But while Bitcoin keeps mining blocks unfazed, and its gold-like properties have attracted investors seeking “digital gold,” its current 75% comedown from $69,000 highs in November 2021 demonstrates that its not immune to global economic forces.
Simultaneously, the entire crypto market lost $2.25 trillion in the same period, hinting at large-scale demand destruction in the industry.
Bitcoin’s crash appeared during the period of rising inflation and the global central banks’ hawkish response to it. Notably, the Federal Reserve hiked its benchmark rates by 75 basis points (bps) on June 15 to curb inflation that reached 8.4% in May.
Furthermore, the crash left BTC trending even more in-sync with the tech-heavy Nasdaq Composite’s performance. The U.S. stock market index fell over 30% between November 2021 and June 2022.
More rate hikes ahead
Fed Chairman Jerome Powell noted in his Congressional testimony that their rate hikes would continue to bring down inflation, albeit adding that “the pace of those changes will continue to depend on the incoming data and the evolving outlook for the economy.”
The statement followed Reuters’ poll of economists that agreed that the Fed would raise benchmark rates by another 75 bps in July and will follow it up with a 0.5% increase in September.
That adds more downside potential to an already-declining crypto market, noted Informa Global Markets, a London-based financial intelligence firm, saying that it would not bottom out until the Fed subsides its “aggressive approach to monetary policy.”
But a U-turn on hawkish policies seems unlikely in the near term given the central bank’s 2% inflation target. Interestingly, the gap between the Fed’s fund rates and the consumer price index (CPI) is now the largest on record.
Bitcoin faces first potential recession
Nearly 70% of economists believe that the U.S. economy will slip into a recession next year due to a hawkish Fed, according to a survey of 49 respondents conducted by the Financial Times.
To recap, a country enters a recession when its economy faces negative gross domestic product (GDP), coupled with rising unemployment levels, declining retail sales, and lower manufacturing output for an extended period of time.
Notably, about 38% expect the recession to begin in the first half of 2023, while 30% anticipate the same to happen during the Q3-Q4 session. Moreover, a separate survey conducted by Bloomberg in May shows a 30% possibility of recession next year.
Powell also noted in his June 22 press conference that recession is “certainly a possibility” due to “events of the last few months around the world,” i.e., the Ukraine-Russia war that has caused a food and oil crisis around the globe.
The predictions risk putting Bitcoin before a full-blown economic crisis.

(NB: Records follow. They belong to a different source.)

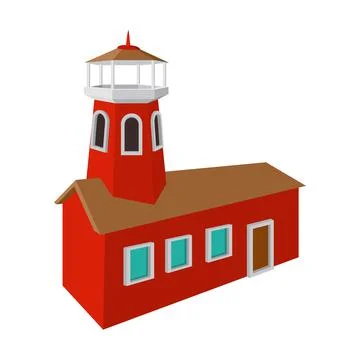 Fire station with red high tower cartoon icon Stock Illustration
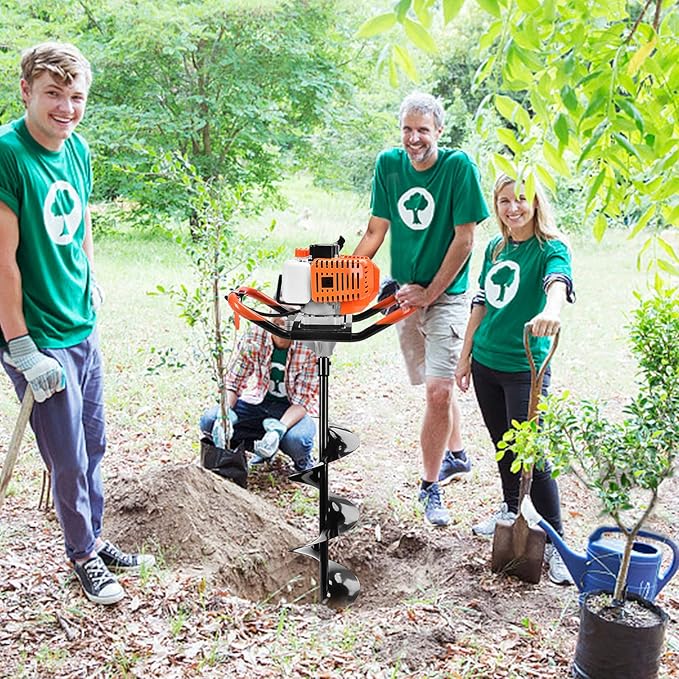 Post Hole Digger,72CC Auger Post Hole Digger Gas Powered Auger with 3 Earth Drill Bits 4" & 8" & 12", 3 Extension Rods for Fence Garden Farm Plant,EPA Certification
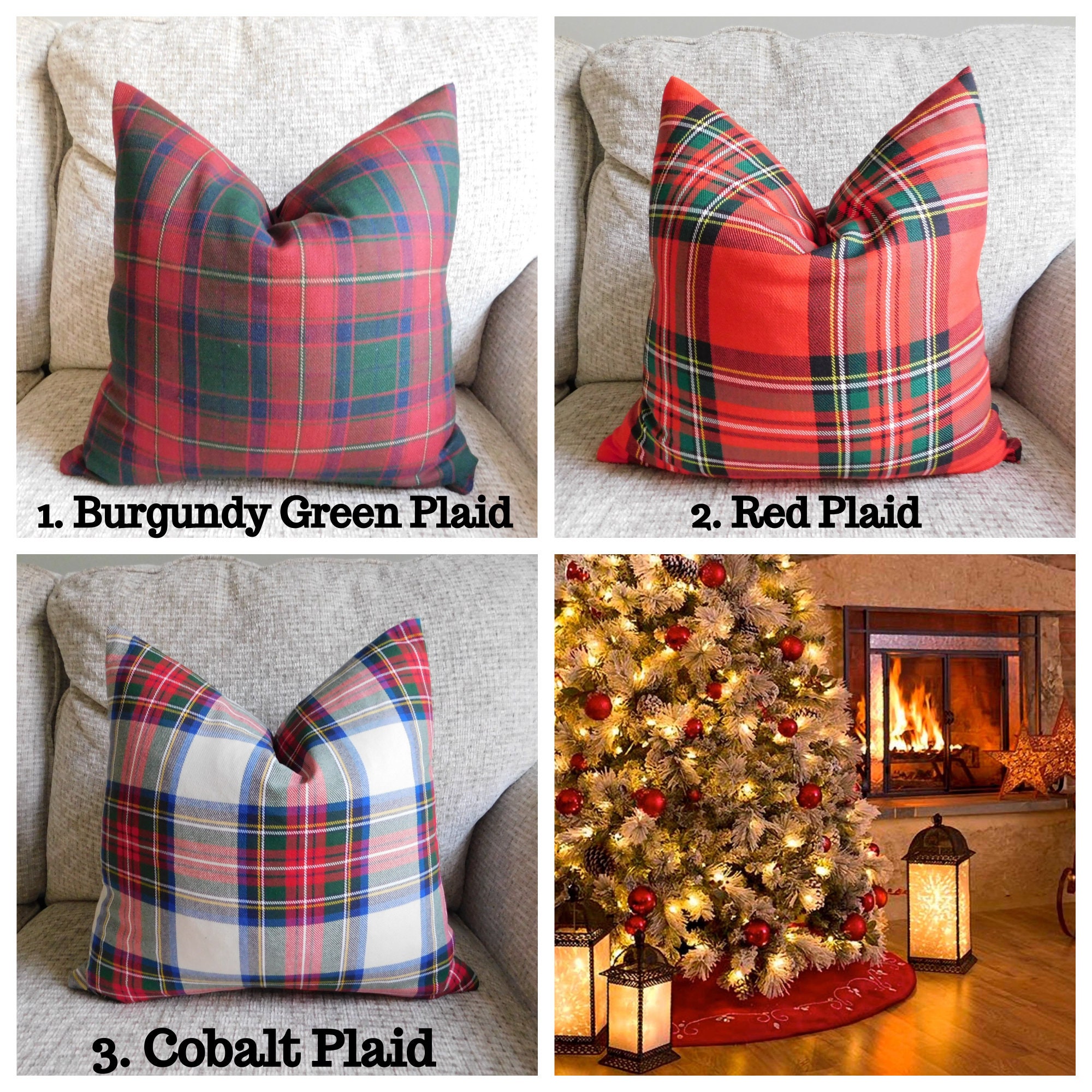 red plaid pillow cases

And the fact it has not behaved anything like a safe-haven asset during the period of rising inflation increases the probability that it would keep declining alongside the Wall Street indexes, primarily tech stocks.
Meanwhile, the collapse of Terra, a $40-billion “algorithmic stablecoin” project, and it leading to insolvency issues in Three Arrow Capital, the largest crypto hedge fund, has also destroyed demand across the crypto sector.